[Short descriptive text snippets]
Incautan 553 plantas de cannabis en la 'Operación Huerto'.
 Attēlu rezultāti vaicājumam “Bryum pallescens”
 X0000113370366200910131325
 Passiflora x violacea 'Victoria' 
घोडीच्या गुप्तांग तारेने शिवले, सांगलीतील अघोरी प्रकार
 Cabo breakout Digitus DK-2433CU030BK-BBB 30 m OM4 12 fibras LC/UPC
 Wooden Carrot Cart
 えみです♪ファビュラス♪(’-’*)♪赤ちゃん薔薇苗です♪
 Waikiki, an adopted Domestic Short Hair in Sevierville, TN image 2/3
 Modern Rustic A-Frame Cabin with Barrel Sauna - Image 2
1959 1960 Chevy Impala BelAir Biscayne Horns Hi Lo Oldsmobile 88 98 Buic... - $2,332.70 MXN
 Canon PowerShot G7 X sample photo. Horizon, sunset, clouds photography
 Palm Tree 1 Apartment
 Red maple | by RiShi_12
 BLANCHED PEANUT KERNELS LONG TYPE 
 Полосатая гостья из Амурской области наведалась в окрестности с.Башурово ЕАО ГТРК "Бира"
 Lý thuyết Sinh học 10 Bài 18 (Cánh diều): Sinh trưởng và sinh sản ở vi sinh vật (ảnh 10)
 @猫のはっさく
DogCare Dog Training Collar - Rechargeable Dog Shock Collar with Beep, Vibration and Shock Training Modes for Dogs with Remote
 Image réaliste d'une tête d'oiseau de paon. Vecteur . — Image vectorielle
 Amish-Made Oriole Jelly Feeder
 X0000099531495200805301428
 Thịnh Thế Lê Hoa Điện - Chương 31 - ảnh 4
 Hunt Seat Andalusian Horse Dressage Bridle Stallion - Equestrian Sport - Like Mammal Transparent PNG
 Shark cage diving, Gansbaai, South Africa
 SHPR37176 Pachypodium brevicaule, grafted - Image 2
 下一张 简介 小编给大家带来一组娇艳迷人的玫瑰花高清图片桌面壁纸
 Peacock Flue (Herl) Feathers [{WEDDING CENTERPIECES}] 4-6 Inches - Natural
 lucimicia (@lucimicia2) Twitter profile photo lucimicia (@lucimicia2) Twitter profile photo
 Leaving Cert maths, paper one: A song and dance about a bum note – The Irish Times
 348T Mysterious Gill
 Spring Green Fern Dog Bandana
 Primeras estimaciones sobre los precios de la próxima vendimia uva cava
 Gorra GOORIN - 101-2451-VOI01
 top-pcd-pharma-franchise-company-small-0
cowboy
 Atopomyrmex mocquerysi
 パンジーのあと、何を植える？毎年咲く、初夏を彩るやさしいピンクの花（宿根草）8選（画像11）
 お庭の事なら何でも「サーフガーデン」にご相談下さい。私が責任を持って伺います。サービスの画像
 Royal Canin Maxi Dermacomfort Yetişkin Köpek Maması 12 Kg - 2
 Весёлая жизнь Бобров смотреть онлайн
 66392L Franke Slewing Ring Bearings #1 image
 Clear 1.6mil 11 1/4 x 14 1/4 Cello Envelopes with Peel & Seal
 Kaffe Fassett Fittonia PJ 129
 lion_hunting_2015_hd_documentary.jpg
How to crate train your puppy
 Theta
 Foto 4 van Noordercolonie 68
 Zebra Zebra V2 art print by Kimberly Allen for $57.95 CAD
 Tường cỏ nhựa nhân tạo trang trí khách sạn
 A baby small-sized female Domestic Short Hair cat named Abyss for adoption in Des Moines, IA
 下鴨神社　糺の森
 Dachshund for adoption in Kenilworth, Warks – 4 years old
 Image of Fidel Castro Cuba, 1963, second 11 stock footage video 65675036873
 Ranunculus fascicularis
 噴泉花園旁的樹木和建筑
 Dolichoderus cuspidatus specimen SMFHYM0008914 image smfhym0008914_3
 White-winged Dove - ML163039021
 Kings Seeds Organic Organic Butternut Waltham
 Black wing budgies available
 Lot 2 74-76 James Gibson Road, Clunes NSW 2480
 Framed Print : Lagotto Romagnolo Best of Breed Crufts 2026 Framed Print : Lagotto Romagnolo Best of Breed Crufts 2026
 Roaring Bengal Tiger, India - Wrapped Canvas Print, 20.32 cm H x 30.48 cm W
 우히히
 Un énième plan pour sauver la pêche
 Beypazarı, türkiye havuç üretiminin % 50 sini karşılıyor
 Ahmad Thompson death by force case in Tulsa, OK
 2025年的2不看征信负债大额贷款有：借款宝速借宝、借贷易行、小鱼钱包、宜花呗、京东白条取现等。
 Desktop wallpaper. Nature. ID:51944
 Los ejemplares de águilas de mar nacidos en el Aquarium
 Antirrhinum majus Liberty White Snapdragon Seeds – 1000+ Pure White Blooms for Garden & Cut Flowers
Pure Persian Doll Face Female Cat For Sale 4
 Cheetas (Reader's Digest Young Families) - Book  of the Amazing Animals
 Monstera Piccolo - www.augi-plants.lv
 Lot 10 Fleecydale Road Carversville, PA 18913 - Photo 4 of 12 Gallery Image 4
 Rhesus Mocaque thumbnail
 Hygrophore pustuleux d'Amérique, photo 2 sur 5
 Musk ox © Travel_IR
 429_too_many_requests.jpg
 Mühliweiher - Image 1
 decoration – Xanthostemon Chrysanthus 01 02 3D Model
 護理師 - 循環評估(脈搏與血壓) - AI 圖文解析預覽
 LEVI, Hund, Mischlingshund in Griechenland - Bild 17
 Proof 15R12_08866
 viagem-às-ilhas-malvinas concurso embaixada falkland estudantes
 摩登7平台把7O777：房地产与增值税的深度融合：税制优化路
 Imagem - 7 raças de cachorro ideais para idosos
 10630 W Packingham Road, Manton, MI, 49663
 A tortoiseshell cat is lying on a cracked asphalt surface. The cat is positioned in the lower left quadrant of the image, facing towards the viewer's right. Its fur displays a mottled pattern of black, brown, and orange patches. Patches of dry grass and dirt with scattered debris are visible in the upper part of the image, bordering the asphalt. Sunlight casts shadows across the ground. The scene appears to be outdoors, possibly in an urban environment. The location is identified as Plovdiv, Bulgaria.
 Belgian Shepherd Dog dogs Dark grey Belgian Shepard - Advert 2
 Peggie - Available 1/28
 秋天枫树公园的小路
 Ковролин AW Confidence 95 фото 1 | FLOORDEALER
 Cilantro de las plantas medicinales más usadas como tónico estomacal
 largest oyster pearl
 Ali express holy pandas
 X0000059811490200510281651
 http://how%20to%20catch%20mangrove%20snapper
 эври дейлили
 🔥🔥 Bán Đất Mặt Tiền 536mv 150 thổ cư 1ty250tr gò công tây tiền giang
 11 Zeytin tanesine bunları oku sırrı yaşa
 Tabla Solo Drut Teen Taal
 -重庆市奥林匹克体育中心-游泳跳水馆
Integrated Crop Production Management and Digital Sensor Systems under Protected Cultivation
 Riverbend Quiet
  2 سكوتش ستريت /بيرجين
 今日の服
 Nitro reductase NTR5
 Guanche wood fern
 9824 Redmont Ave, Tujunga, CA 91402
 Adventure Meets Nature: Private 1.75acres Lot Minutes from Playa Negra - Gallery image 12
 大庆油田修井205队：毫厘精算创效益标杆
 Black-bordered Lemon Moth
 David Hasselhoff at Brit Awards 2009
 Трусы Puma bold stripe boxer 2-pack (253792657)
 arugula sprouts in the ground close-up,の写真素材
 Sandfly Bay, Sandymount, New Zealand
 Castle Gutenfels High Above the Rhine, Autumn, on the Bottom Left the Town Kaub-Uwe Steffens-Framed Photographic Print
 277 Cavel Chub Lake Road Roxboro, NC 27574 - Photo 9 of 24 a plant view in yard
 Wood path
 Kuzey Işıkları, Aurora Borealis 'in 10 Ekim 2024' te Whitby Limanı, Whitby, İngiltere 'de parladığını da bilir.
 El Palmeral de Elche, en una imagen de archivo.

### Instructions to follow
Look back at the entries above and repeat, unchanged, every line from the line holding "Zebra Zebra V2" through the line holding "Dachshund for adoption".

### Task result
 Zebra Zebra V2 art print by Kimberly Allen for $57.95 CAD
 Tường cỏ nhựa nhân tạo trang trí khách sạn
 A baby small-sized female Domestic Short Hair cat named Abyss for adoption in Des Moines, IA
 下鴨神社　糺の森
 Dachshund for adoption in Kenilworth, Warks – 4 years old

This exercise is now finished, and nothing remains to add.